## EXERCISE DESCRIPTION
Copy word for word the lines in the records below, starting at the line with "Black Polo Collar" and ending at the line with "Girls Green Truck". Skip the pictures.

## PROVIDED INFORMATION
**********
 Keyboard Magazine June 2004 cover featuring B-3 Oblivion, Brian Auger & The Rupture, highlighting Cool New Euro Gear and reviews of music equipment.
**********
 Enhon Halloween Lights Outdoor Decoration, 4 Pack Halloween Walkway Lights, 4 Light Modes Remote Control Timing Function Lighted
**********
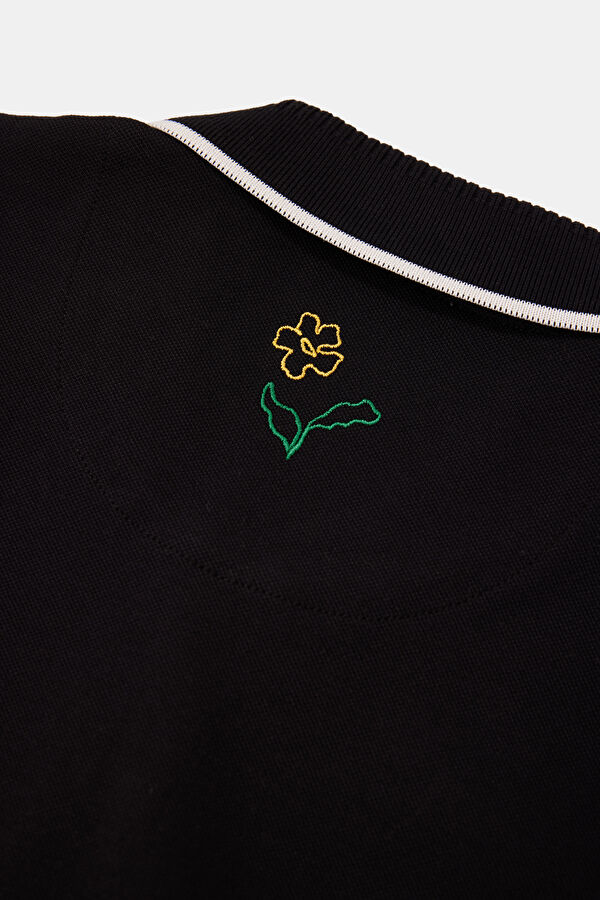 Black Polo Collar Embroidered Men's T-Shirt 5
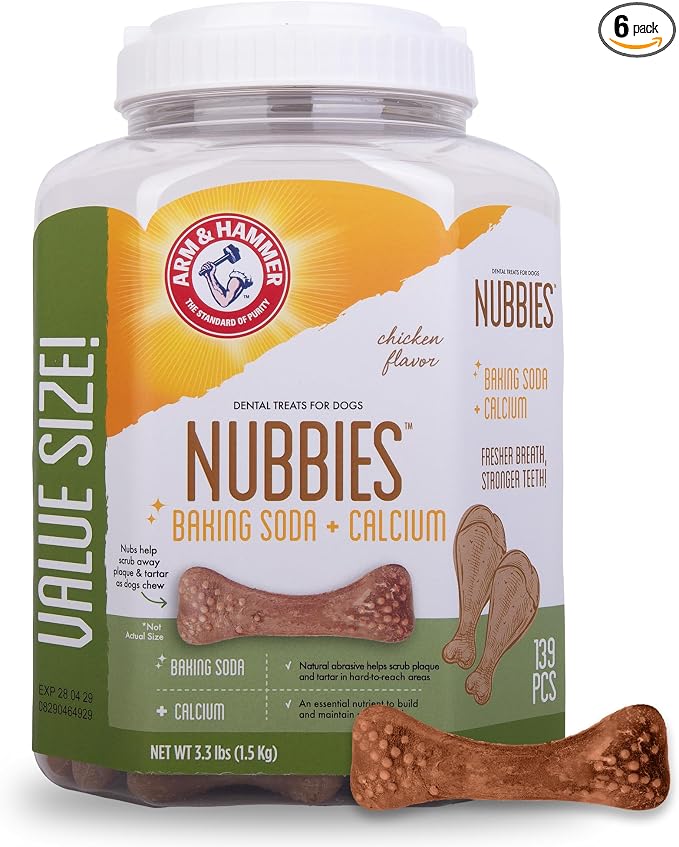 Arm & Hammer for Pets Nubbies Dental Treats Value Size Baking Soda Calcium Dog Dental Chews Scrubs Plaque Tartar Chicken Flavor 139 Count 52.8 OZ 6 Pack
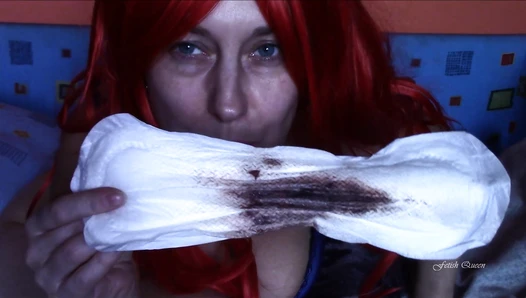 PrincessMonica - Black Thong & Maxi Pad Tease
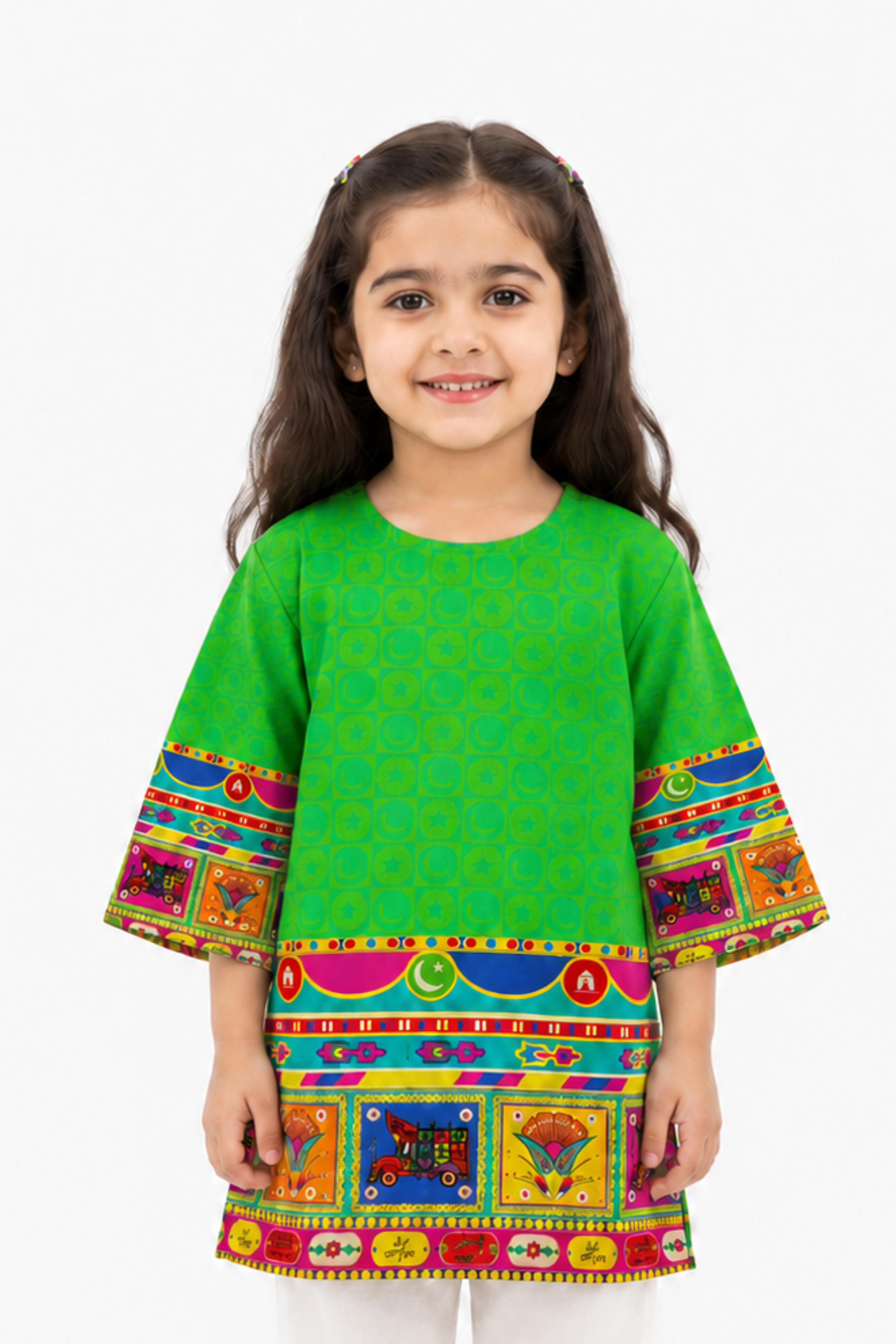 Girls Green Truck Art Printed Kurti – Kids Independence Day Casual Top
**********
## WORKED SOLUTION
 Black Polo Collar Embroidered Men's T-Shirt 5
 Arm & Hammer for Pets Nubbies Dental Treats Value Size Baking Soda Calcium Dog Dental Chews Scrubs Plaque Tartar Chicken Flavor 139 Count 52.8 OZ 6 Pack
 PrincessMonica - Black Thong & Maxi Pad Tease
 Girls Green Truck Art Printed Kurti – Kids Independence Day Casual Top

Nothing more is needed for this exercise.